Regional Variation in Acceptance of Indonesia's Family Planning Program
Population Research and Policy Review, Vol. 20, No. 6 (Dec., 2001)
21 Pages Posted: 23 Feb 2015
Date Written: December 1, 2001
Indonesia's family planning program is regarded as a major success. Survey data from 1997 reveal that rates of contraceptive use vary dramatically among Indonesia's 27 provinces, from a high of 67 percent of ever married women currently using contraceptives in the province of North Sulawesi, to a low of 19 percent current users in East Timor and 28 percent in Aceh. This study uses both a quantitative analysis of the 1997 Indonesia Demographic and Health Survey, and a qualitative study carried out in July of 2000 to understand regional variation. The study identified a small number of factors that show a clear relation with levels of contraceptive use.

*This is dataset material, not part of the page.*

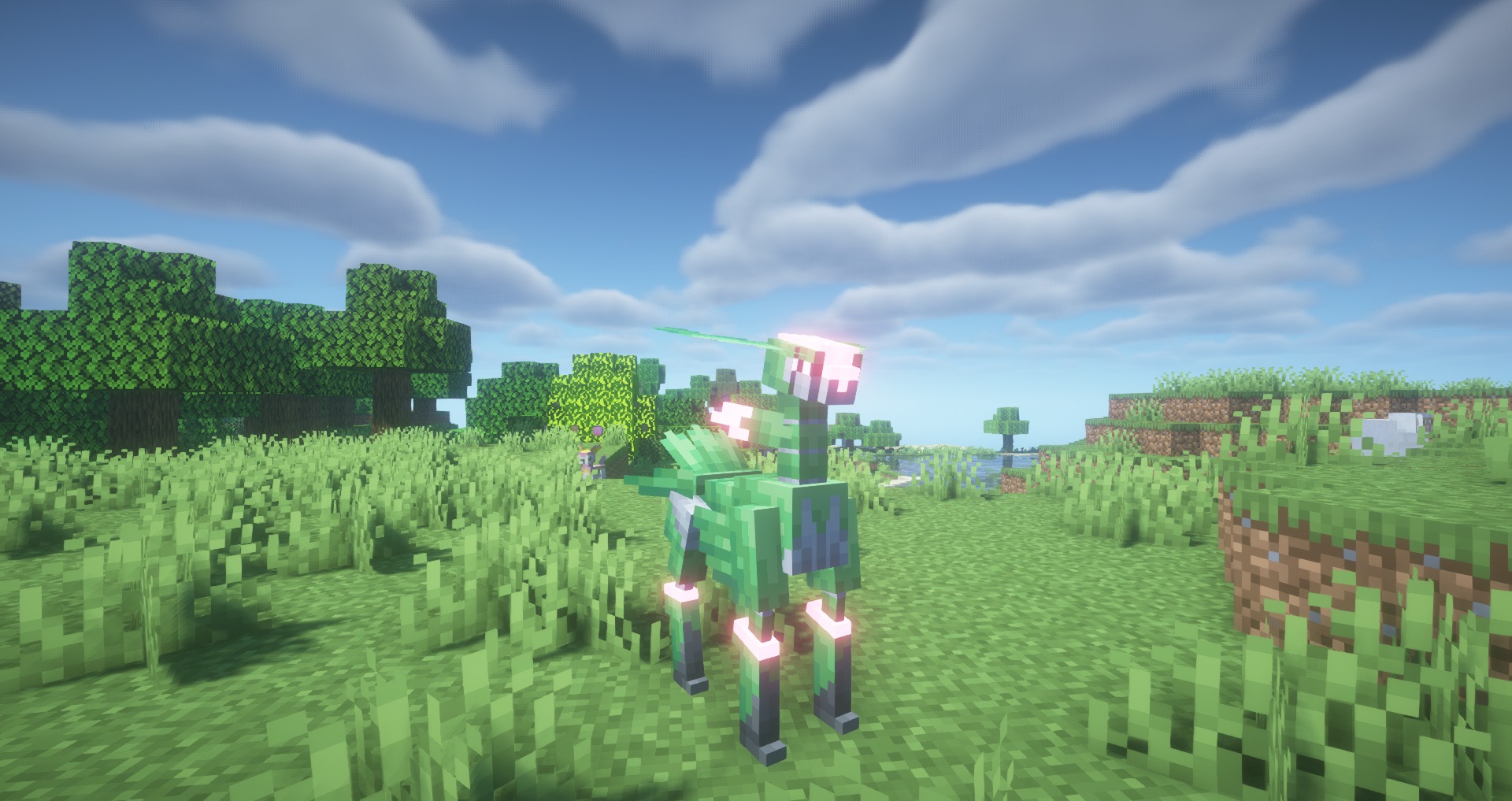 Mystic Mons Data Pack Screenshot 8 Iron Leaves creature model standing in a grassy field under a clear sky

Media exposure and education are the strongest and most consistent predictors of levels of contraceptive use, and appear to be the surest strategies for promoting family change. But the study also showed that the process of social change is subject to culturally and historically specific local factors whose presence and importance is difficult to predict. Our study of regional variation in contraceptive use illustrates the range and complexity of obstacles faced by Indonesia's leaders in attempting to forge a single nation from such a diverse and far-flung population. Although the creation of Indonesia in the space of just half a century is a monumental achievement, the project is clearly not yet complete.